Russian activist Aleksandr Shabarchin (file photo)

PERM, Russia -- A Russian activist who was imprisoned over a satirical video featuring a mannequin of President Vladimir Putin has been released after a court suspended his sentence.

Aleksandr Shabarchin was released from custody after the Perm Krai regional court's decision was announced on November 5.

Shabarchin, who took part in the hearing via a video link from a detention center, reiterated that he considers himself not guilty, adding that freedom of expression is not banned in Russia.

Shabarchin and two other men, Danil Vasilyev and Aleksandr Etkin, aka Kotov, were arrested in January 2019 and charged with disrupting social order by placing an effigy of Putin at Perm's central Lenin Street in November 2018.

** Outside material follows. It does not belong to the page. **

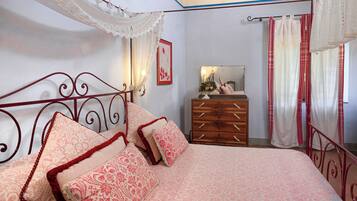 A bedroom with a bed, dresser, and a mirror.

The effigy in Perm's Lenin Street in November 2018.

The effigy had a black-and-white prison robe draped over it with signs saying "War Criminal" and "Liar."

In August, a court in Perm sentenced Shabarchin to two years in prison and handed a suspended one-year prison term to Vasilyev. Etkin was acquitted.

Last month, Amnesty International called Shabarchin a "prisoner of conscience, imprisoned solely for exercising his right to freedom of expression," and demanded that Russian authorities immediately release him.